The date of the deed is September 2, 1840. The records of Liberty County were destroyed by fire in 1887, and none of the records or papers of the Probate Court of Liberty County in. the administration of the estate of Philip Miller are now in existence. Lucinda Miller lived for a number of years after the execution of this deed, and it is not shown that she ever asserted any claim to the land. No taxes were ever paid on the land by her or by appellant. No one has ever been in actual possession of the property.

Appellant contends that the deed from James Knight and Lucinda Miller to William D. Smith was void, and should not have been admitted in evidence because it shows that it was executed in pursuance of an order of the Probate Court decreeing specific performance of a contract to convey land made by the decedent, Philip Miller.

We think the recitals in the deed above set out clearly show that the order of the Probate Court, under which the deed was executed, was a decree of specific performance of a contract to convey land executed by the decedent, Philip Miller. We do not think any other construction can be fairly given to the language used. At the time the order was made the Probate Courts of the Republic of Texas had no authority to decree specific performance of contracts of decedents to convey land. It was not until the year 1844 that the Probate Courts were authorized to render a decree of this kind. (Houston v. Killough, 80 Texas, 296; Hooper v. Hall, 30 Texas, 154; Buchanan v. Park, 36 S. W. Rep., 807.) It follows that, insofar as the deed from Lucinda Miller depends for its validity upon the order of the court under which it purports to have been made, it conveyed no title.

But we are of opinion that the deed was admissible as evidence, and that it passes title to the land as against Lucinda Miller and those claiming under her. It is an absolute conveyance of all the land, with a covenant of general warranty, and there is nothing in the language used in the deed, apart from the fact that she executes it is “legal representative” of her husband’s estate, which indicates that it was only her intention to convey such title as might pass under the order of the court. The order decreeing specific performance of the contract to convey made by the deceased husband being, as before stated, a nullity, Mrs. Miller was not bound to act thereunder, and her execution of the deed must be regarded as voluntary. ■

Her community interest in the land, and the interest, if any, which she had therein as heir of her husband, was bound by his contract to convey, and she should not be heard to say, after receiving the consideration for the land, that the method chosen by her to discharge the obligation of the contract was ineffectual, and that her deed to Smith did not pass the title to her interest in the land. Of course, she could not convey her interests to the detriment of the rights of the creditors of her husband’s estate, but no such issue is raised in this case. Having acquiesced in the void order of the court, and conveyed the land to Smith in fulfillment of a contract by which she was bound, she would not be permitted to defeat her conveyance on the ground that the order *519 under which she acted was void, and the appellant, who claims the land as her heir, is likewise estopped from denying the validity of the deed.

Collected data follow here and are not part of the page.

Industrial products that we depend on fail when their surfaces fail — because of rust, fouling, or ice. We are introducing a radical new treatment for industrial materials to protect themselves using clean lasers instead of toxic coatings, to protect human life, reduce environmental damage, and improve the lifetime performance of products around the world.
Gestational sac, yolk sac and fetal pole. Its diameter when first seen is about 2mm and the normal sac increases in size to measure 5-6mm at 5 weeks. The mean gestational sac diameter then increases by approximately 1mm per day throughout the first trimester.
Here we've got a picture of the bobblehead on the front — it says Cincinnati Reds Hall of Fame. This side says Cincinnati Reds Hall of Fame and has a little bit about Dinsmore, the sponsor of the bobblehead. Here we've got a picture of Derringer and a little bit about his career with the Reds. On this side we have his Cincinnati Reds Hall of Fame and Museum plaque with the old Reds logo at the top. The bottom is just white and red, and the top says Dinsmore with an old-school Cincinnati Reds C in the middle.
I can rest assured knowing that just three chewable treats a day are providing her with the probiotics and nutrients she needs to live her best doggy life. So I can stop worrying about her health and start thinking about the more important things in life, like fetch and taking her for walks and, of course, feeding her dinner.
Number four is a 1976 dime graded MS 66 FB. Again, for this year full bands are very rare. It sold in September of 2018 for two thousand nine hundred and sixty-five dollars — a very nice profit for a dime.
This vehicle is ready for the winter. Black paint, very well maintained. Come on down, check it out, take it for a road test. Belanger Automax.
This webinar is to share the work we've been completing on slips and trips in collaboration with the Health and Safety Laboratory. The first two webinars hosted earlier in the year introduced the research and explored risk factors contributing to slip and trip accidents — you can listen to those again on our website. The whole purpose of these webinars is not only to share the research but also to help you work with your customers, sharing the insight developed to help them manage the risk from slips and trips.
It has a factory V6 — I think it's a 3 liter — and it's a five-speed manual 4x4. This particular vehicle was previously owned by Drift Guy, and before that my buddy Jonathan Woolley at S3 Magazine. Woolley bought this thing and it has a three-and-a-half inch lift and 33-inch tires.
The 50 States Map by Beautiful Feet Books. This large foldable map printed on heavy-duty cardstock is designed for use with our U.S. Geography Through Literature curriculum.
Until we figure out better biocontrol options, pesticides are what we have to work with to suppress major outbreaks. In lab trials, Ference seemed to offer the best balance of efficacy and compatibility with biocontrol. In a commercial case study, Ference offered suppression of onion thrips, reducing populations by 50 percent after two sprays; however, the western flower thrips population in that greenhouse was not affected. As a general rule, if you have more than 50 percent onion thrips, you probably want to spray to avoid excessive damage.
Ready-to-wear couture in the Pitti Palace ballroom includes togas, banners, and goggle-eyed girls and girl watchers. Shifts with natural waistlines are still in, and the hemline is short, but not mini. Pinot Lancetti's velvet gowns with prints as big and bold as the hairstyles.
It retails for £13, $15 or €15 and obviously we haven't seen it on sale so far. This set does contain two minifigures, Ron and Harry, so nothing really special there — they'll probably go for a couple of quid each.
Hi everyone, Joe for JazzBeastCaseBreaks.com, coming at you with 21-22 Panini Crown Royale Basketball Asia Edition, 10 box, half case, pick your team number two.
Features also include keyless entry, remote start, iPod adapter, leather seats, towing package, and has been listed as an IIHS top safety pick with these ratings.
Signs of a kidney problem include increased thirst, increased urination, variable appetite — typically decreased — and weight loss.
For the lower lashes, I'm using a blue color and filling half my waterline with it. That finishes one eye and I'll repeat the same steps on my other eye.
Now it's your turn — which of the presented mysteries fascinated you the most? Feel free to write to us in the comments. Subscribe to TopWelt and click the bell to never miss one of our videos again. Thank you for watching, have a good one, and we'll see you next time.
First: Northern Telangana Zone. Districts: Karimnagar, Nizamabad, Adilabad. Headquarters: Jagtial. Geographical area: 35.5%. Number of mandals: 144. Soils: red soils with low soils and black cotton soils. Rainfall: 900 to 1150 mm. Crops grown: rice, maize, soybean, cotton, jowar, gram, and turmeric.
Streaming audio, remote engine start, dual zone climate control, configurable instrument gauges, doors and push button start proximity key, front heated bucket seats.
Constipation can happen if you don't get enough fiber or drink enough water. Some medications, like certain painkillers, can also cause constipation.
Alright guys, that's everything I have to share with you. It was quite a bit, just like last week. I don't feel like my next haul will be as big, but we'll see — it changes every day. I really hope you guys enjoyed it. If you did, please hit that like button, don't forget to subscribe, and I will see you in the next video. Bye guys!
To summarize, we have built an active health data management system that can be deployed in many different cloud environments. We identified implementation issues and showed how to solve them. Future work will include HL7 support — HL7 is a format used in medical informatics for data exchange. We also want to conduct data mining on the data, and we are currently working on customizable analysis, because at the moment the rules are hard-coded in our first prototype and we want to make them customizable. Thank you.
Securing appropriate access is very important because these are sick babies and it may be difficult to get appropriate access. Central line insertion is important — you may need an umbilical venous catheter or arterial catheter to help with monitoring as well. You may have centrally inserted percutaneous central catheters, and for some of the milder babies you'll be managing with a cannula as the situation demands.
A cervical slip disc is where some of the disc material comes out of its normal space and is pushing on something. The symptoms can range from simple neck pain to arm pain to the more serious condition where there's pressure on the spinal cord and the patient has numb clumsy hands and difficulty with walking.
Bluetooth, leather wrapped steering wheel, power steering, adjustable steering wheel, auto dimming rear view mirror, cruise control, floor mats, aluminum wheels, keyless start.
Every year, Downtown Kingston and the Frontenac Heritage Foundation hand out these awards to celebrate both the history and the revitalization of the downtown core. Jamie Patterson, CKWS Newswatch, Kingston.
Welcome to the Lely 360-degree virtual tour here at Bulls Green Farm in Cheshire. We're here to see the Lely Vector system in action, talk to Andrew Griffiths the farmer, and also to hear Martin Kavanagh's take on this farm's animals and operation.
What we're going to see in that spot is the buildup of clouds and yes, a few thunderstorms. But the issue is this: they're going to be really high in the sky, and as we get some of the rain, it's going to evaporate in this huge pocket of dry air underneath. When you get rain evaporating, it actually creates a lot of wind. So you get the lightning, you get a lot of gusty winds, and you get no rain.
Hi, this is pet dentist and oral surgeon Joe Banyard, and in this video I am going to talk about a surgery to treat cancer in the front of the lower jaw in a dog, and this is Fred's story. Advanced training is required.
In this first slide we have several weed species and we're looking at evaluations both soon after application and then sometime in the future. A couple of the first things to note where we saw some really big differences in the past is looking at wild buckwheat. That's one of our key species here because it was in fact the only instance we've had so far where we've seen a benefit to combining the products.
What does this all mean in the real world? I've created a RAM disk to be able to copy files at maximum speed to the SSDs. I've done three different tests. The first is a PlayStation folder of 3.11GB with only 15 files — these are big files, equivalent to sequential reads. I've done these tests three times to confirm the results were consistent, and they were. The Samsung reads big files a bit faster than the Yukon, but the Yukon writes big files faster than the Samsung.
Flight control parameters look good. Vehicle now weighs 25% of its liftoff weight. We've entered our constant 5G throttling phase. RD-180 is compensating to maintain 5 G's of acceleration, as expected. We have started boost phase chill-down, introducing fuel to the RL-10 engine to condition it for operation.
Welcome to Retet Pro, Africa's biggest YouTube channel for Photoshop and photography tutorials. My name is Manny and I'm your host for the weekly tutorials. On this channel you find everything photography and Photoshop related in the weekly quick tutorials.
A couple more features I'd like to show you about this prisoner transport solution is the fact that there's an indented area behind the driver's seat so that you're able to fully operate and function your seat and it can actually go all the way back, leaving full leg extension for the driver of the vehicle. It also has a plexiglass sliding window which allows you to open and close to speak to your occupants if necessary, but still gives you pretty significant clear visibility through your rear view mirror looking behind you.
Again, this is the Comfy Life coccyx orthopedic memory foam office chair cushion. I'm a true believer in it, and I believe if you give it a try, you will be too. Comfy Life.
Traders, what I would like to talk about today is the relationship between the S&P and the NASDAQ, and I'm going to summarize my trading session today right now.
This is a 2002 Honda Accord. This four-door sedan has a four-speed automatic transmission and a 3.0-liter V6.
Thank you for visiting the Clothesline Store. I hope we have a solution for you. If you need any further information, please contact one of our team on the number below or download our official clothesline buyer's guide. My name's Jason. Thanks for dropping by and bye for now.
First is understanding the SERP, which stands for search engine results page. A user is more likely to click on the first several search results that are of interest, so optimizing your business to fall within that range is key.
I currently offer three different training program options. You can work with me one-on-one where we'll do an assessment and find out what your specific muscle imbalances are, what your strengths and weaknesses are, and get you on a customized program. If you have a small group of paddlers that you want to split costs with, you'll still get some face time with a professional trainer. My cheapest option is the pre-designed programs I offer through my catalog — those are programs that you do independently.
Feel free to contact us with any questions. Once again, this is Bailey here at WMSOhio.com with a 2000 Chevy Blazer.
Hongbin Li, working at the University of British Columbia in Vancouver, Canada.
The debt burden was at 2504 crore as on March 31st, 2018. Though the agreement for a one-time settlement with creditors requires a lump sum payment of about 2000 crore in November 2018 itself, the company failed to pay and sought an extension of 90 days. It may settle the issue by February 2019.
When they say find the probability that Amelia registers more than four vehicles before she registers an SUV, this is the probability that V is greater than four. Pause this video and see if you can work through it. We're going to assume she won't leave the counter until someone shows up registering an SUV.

The judgment of the court below is affirmed.

Affirmed.

ON MOTION FOE REHEARING.

At the last term of this court we affirmed the judgment of the court below in this case on the ground that the execution, by Mrs. Miller, of the deed to Wm. D. Smith, estopped her and those claiming under her from asserting title to the land against the appellees who claim under said deed. (Cope v. Blount, 12 Texas Ct. Rep., 475.)

Appellant having filed this motion for a rehearing, we certified to the Supreme Court the question of whether, upon the facts stated, appellant was estopped to assert title to the land. This question was answered in the affirmative in an opinion recently delivered by the Supreme Court, vide Cope v. Blount (14 Texas Ct. Rep., 636).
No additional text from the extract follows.